Schadenersatz im Mercedes Abgasskandal – BGH VIa ZR 1031/22
Mit Urteil vom 26. Juni 2023 hat der Bundesgerichtshof die Chancen auf Schadenersatz im Mercedes-Abgasskandal deutlich erhöht (Az.: VIa ZR 1031/22). Der BGH hat deutlich gemacht, dass Schadenersatzansprüche schon bestehen, wenn Mercedes nur fahrlässig eine unzulässige Abschalteinrichtung verwendet hat. Das bedeutet, dass nicht nachgewiesen werden muss, dass der Vorstand von der Verwendung unzulässiger Abschalteinrichtungen wusste oder sie veranlasst hat. Es muss keine vorsätzliche sittenwidrige Schädigung mehr nachgewiesen werden, was die Durchsetzung von Schadenersatzansprüchen erleichtert.

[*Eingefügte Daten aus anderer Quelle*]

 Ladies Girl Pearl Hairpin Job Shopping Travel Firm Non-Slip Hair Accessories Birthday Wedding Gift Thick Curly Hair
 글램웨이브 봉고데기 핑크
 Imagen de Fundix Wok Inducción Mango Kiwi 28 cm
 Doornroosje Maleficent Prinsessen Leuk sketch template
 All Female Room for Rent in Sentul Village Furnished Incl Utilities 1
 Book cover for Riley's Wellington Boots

Geklagt hatte der Käufer eines Mercedes C 220 d mit Dieselmotor der Typs OM 651 und der Abgasnorm Euro 6. Er machte Schadenersatzansprüche geltend, weil in dem Modell unzulässige Abschalteinrichtungen zum Einsatz kämen, u.a. die Kühlmittel-Solltemperatur-Regelung (KSR) und ein Thermofenster bei der Abgasreinigung. Ein Rückruf des Kraftfahrt-Bundesamts für das Modell liegt nicht vor.
Während die Klage in erster Instanz Erfolg hatte, wies das OLG Stuttgart sie im Berufungsverfahren ab. Dies begründete das OLG damit, dass Mercedes keine vorsätzliche sittenwidrige Schädigung gemäß § 826 BGB nachzuweisen sei. Der Kläger habe keine ausreichenden Anhaltspunkte für ein vorsätzliches Verhalten von Repräsentanten des Autoherstellers vorgetragen.

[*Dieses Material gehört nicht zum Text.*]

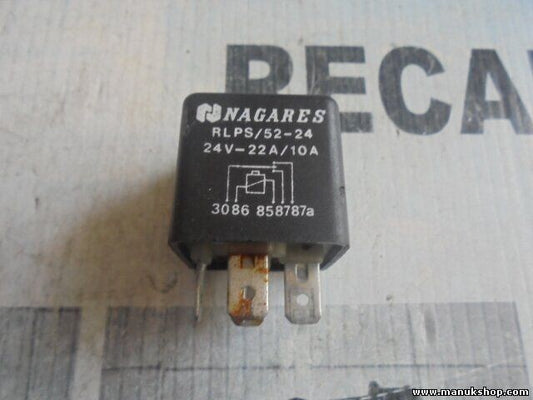 Relé MAN Nagares RLP5224 RLP/52-24 24V-22A/10A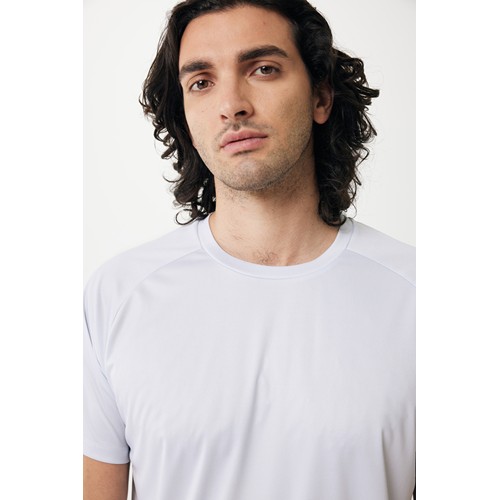 T-shirt sport séchage rapide polyester recyclé IQONIQ Tikal - 13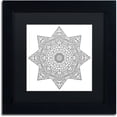 thumbnail image 1 of Trademark Fine Art "Mixed Coloring Book 14" Canvas Art by Kathy G. Ahrens, Black Matte, Black Frame, 1 of 4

Der BGH kippte das Urteil. Denn das OLG habe zu Unrecht eine Haftung von Mercedes wegen Fahrlässigkeit gemäß § 823 BGB ausgeschlossen. Das OLG müsse den Fall neu entscheiden und dabei berücksichtigen, dass die Tatbestandswirkung einer EG-Typengenehmigung einem Anspruch auf Schadenersatz – auch wegen vorsätzlicher sittenwidriger Schädigung – nicht entgegensteht.
Das OLG Stuttgart muss nun feststellen, ob in dem Mercedes des Klägers eine unzulässige Abschalteinrichtung verbaut ist und Schadenersatzansprüche wegen vorsätzlicher oder fahrlässiger Schädigung bestehen. Liegt eine unzulässige Abschalteinrichtung vor, muss Mercedes beweisen, dass weder vorsätzlich noch fahrlässig gehandelt wurde. Dieser Nachweis dürfte schwer zu führen sein.

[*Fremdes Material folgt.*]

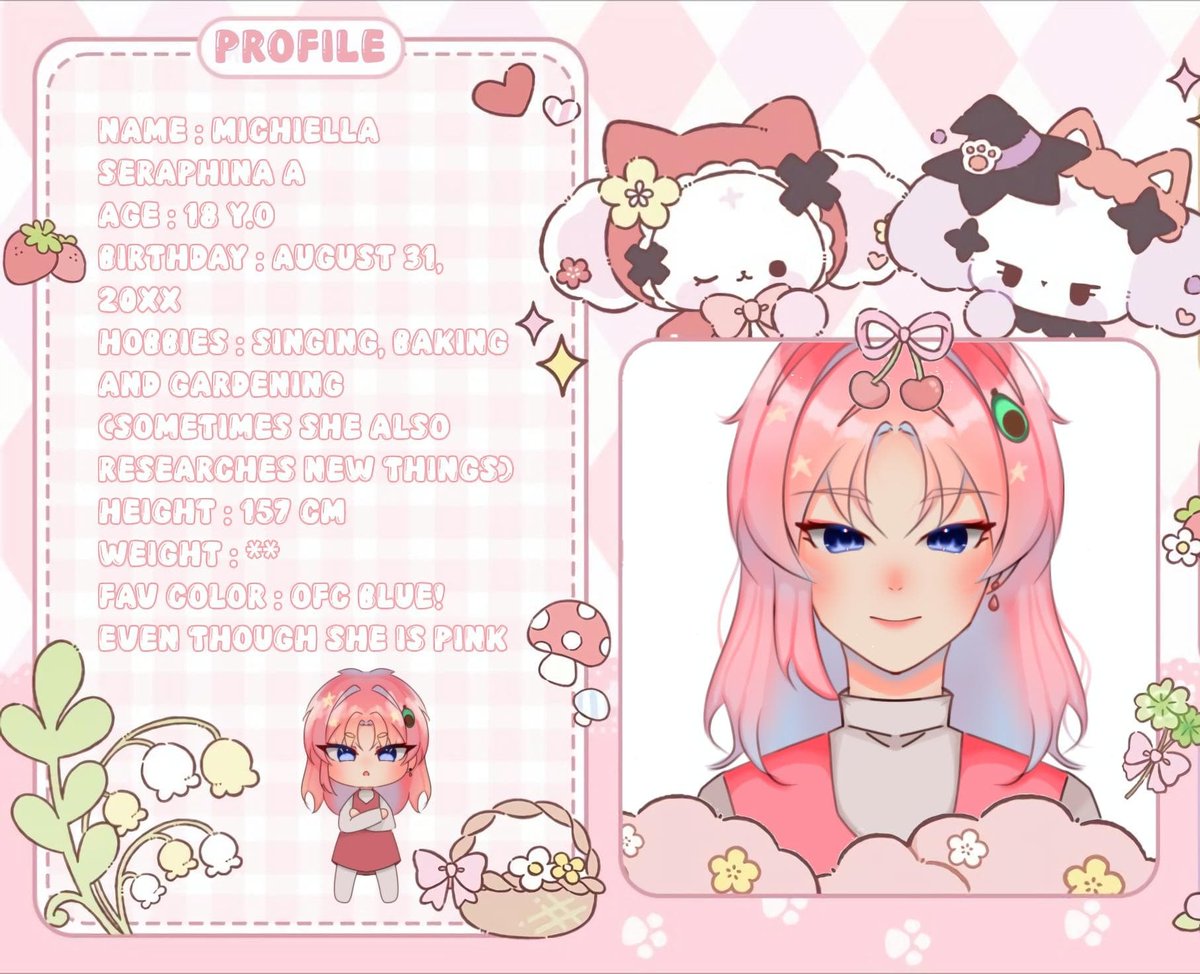 Michiella Seraphina A #OC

Bei einer fahrlässigen Schädigung haben die Käufer Anspruch auf Ersatz des sog. Differenzschadens. Das heißt, er kann das Auto behalten und erhält zwischen 5 und 15 Prozent des Kaufpreises zurück. Nutzungsvorteile, wie die gefahrenen Kilometer, werden erst dann angerechnet, wenn sie zusammen mit dem Restwert den Wert des Fahrzeugs bei Abschluss des Kaufvertrags übersteigen. Bei vorsätzlicher sittenwidriger Schädigung besteht Anspruch auf den sog. großen Schadenersatz. Dann gibt der Kläger das Auto zurück und erhält im Gegenzug den Kaufpreis zurück. Für die gefahrenen Kilometer muss er sich allerdings eine Nutzungsentschädigung anrechnen lassen.